§ **Data below**:
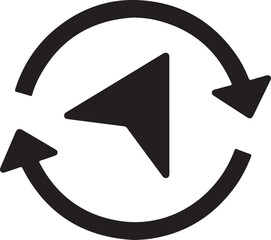 Black arrows forming circular motion with play button in center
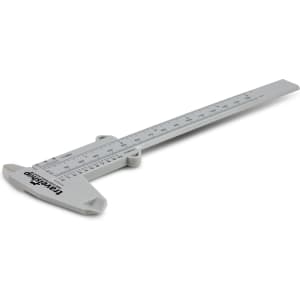 A grey Vernier caliper with measurement scales, featuring a branding logo.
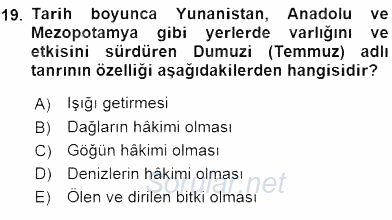 Türk Edebiyatının Mitolojik Kaynakları 2015 - 2016 Dönem Sonu Sınavı 19.Soru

§ **Your task**:
From the line containing "A grey Vernier" down to the final line of the material, restate every line word for word, and only those; drop the pictures.

§ **The completed task**:
 A grey Vernier caliper with measurement scales, featuring a branding logo.
 Türk Edebiyatının Mitolojik Kaynakları 2015 - 2016 Dönem Sonu Sınavı 19.Soru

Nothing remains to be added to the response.